Published in ISCA, 2025

paper

The rapid increase in inter-host networking speed has challenged host processing capabilities, as bursty traffic and uneven load distribution among host CPU cores give rise to excessive queuing delays and service latency variances. To cost-efficiently tackle this challenge, the latest Intel Xeon Scalable Processor has integrated an on-chip accelerator, named Dynamic Load Balancer (DLB). It consists of hardware queues, arbiters, and priority-based Quality of Service (QoS) features to maximize load-balancing performance while minimizing host CPU cycle consumption. In this work, we first compare the performance of DLB against popular softwarebased load balancers with a microbenchmark suite, demonstrating that DLB significantly outperforms them. Yet, DLB still consumes a significant number of host CPU cycles to prepare and enqueue work descriptors for received packets.
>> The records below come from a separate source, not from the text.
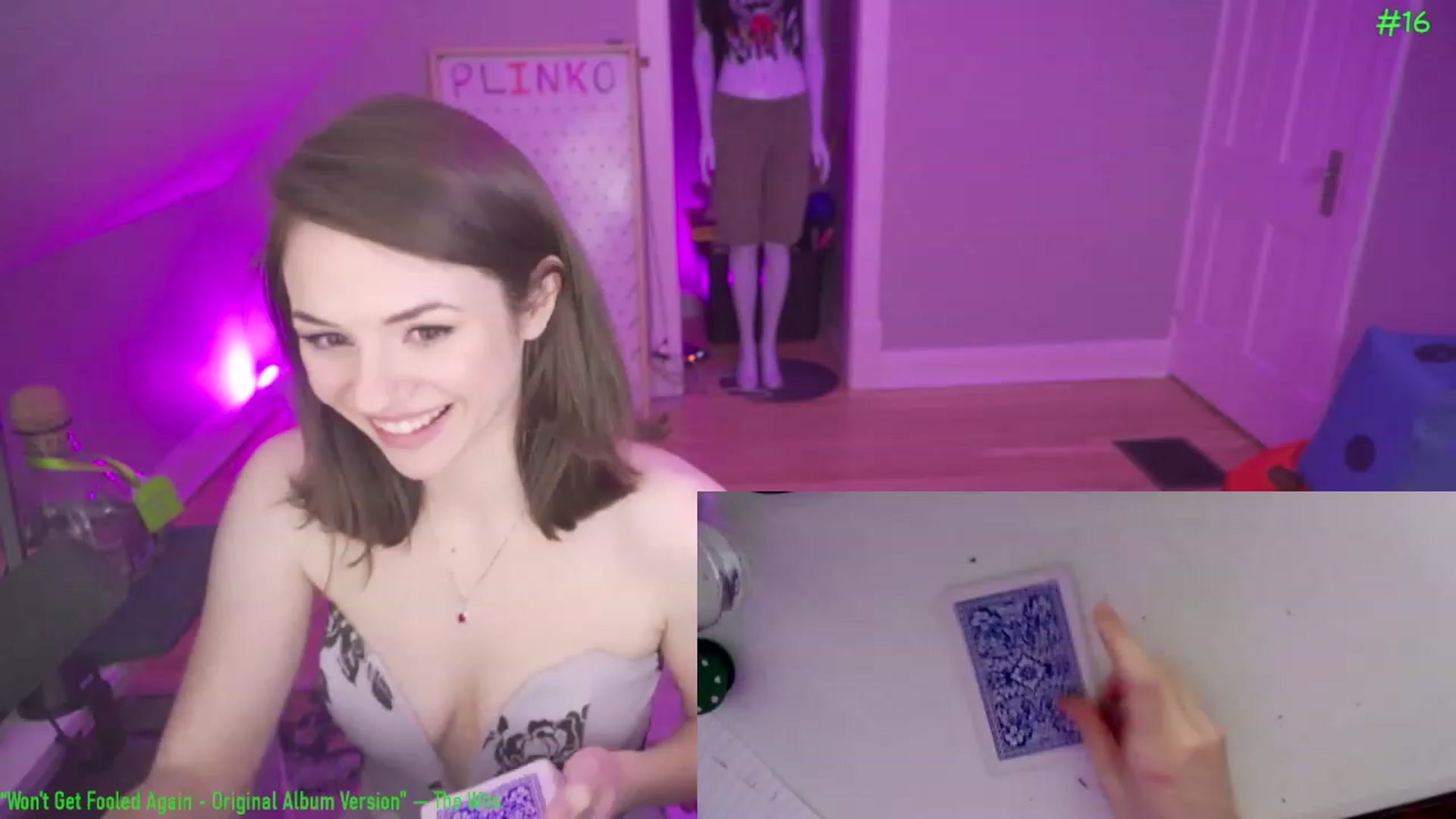 Gallery image thumbnail from Sophisticat3's myfreecams stream on, 03/25/2023, 08:12 image 1 of 20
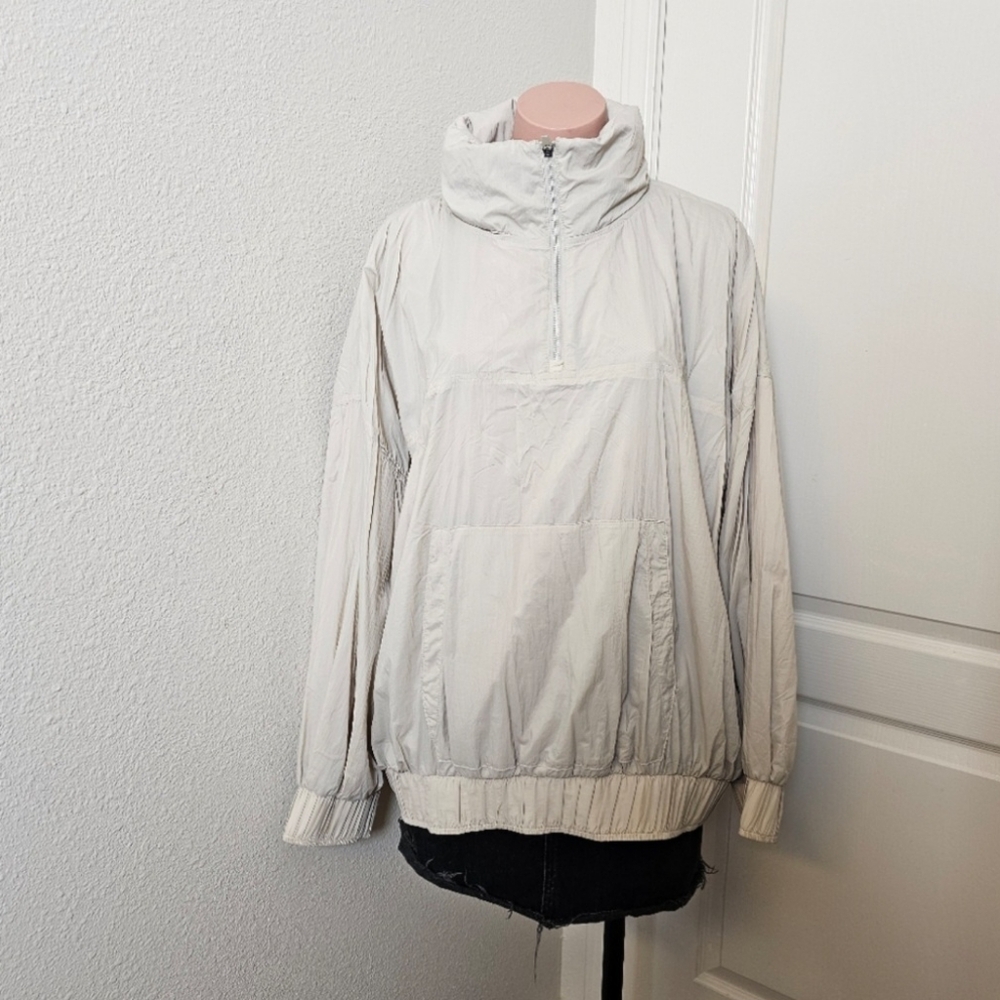 Athleta Cream Puffer Jacket with High Collar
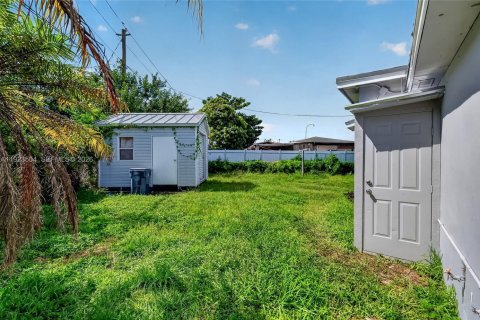 Villa ou maison à vendre à Miami, Floride: 4 chambres, 107.4 m2 № 2244380 - photo 7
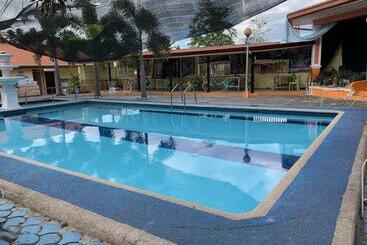 هتل Rufina S Leisure Center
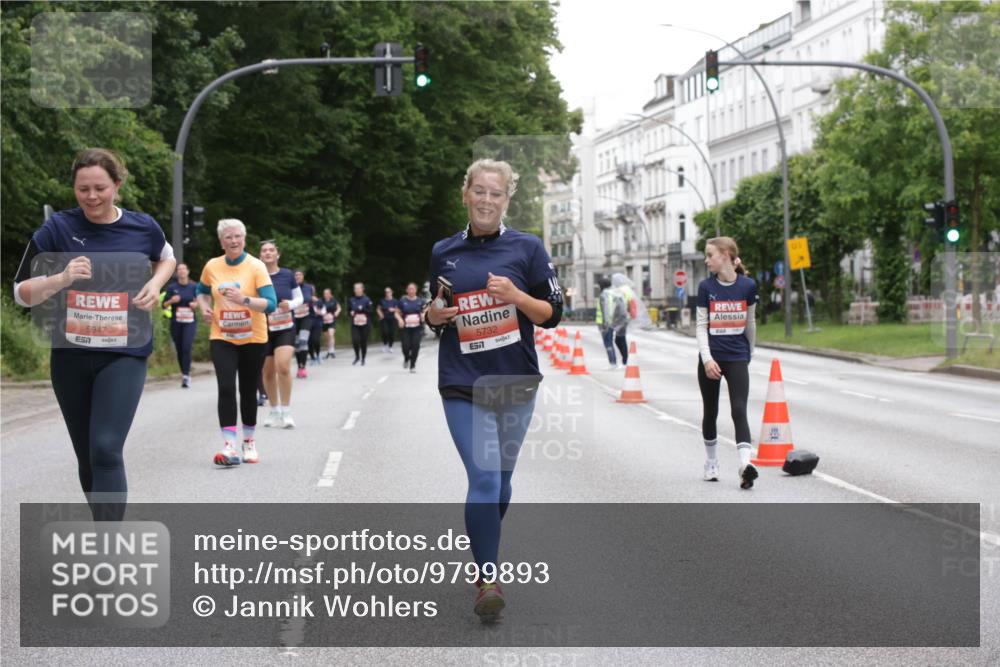 14.06.2026 - REWE Women's Run Jannik Wohlers http://msf.ph/oto/9799893 14.06.2026 11:02:27 Laufen 5732, 57, 5947, 7 meine-sportfotos.de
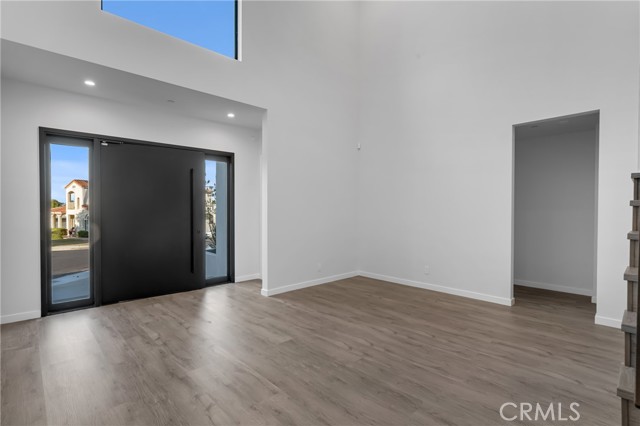 MLS #SB25163929 image #8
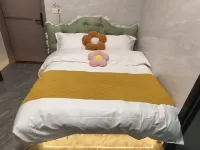 Yizhou 99 Light Luxury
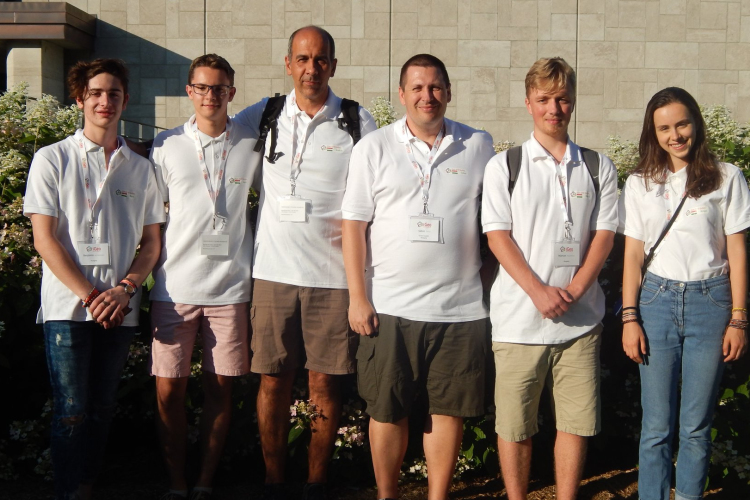 Pápai érem a  Nemzetközi Földrajzi Olimpián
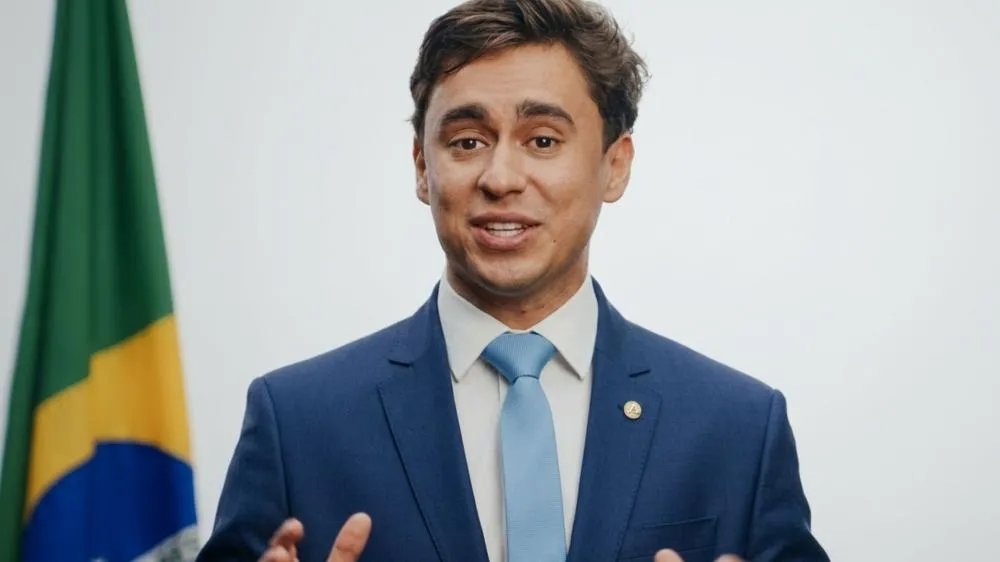 Nikolas Ferreira ressurge nas redes após 'apagão' e dá largada à sua campanha eleitoral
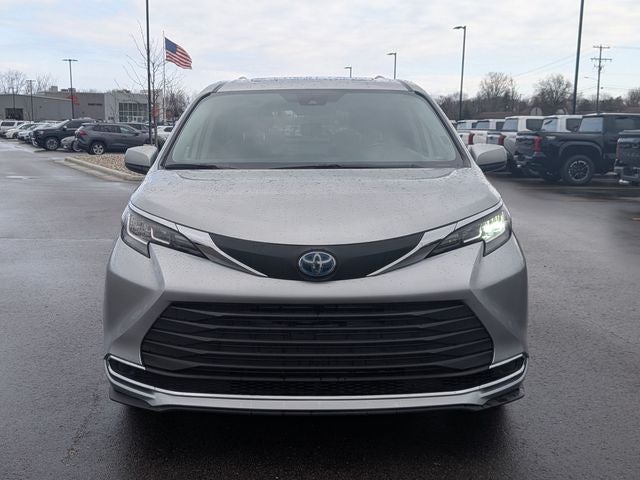 2022 Toyota Sienna XLE 7 Passenger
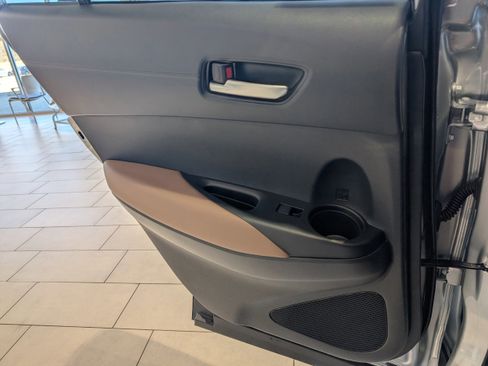 New 2026 Toyota Corolla Cross XLE image 25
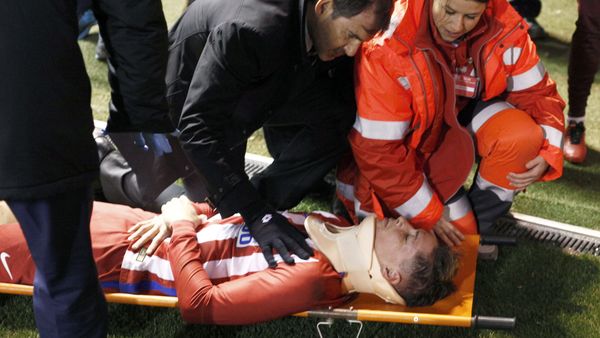 Dan de alta a Fernando “El Niño” Torres tras golpe en la cabeza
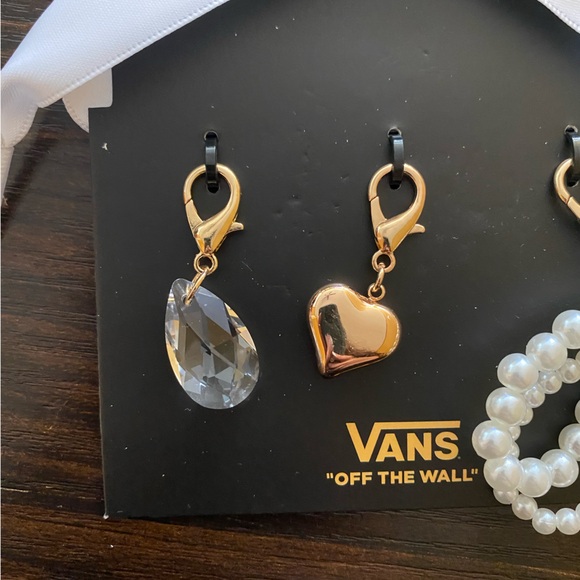 Vans Shoe Jewelry NWOT - Picture 3 of 5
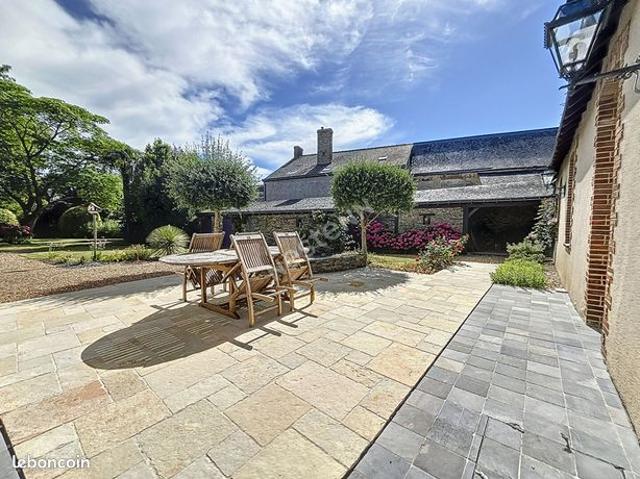 Propriété 9 pièces 211 m²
Second, to eliminate the consumption of host CPU cycles in load balancing, we propose a system architecture/software co-design solution, AccDirect. Specifically, AccDirect leverages the Peer-to-Peer (P2P) communication capability of PCIe devices to enable a direct communication path between DLB and NIC, through which NIC directly enqueues the work descriptors. Our evaluation shows that AccDirect-based DLB offers practically the same performance as conventional DLB while reducing the system-wide power consumption of host CPU by 10%. Compared to the throughput of a commodity hardware-based load balancer for an end-to-end application, that of AccDirect-based DLB is 14–50% higher with comparable p99 latency. Lastly, we provide guidelines to make the best use of DLB, which is riddled with a vast configuration space and advanced features, after conducting a comprehensive evaluation.